**Exercise data:**
=== Begin Enclosure ===
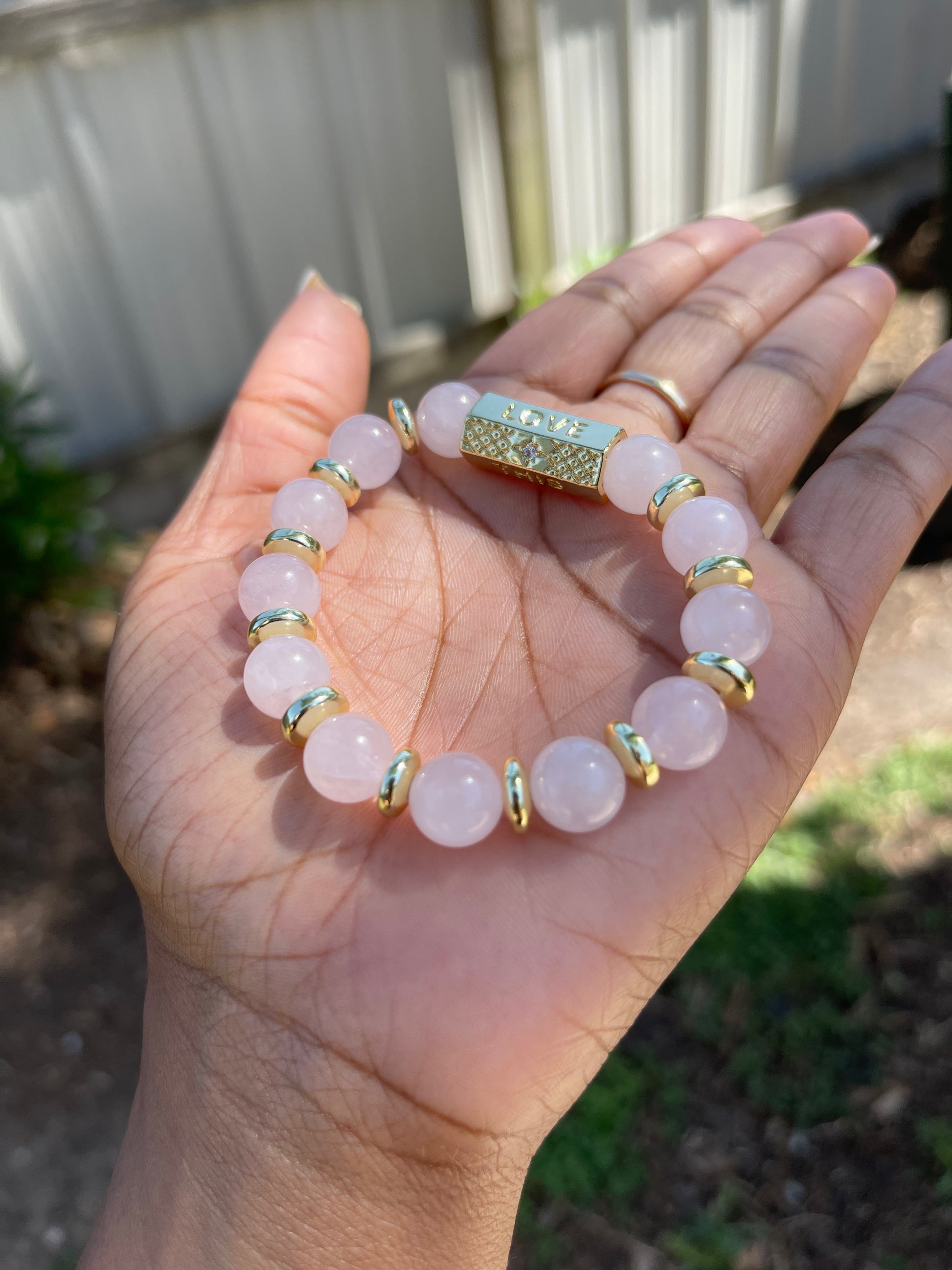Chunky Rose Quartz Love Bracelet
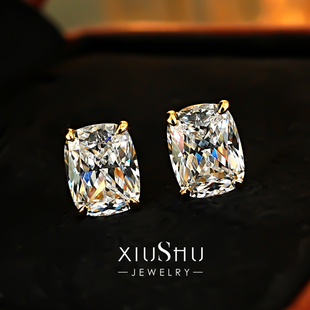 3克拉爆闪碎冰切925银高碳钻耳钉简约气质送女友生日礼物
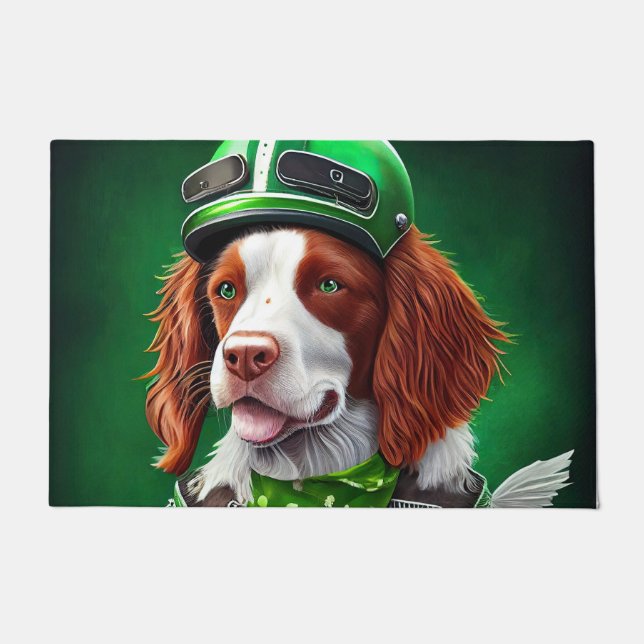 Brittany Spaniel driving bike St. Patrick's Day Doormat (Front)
=== End Enclosure ===
**Exercise:** When copying the listing, skip the pictures and keep each line exactly as written.

**Expected output:**
Chunky Rose Quartz Love Bracelet
 3克拉爆闪碎冰切925银高碳钻耳钉简约气质送女友生日礼物
 Brittany Spaniel driving bike St. Patrick's Day Doormat (Front)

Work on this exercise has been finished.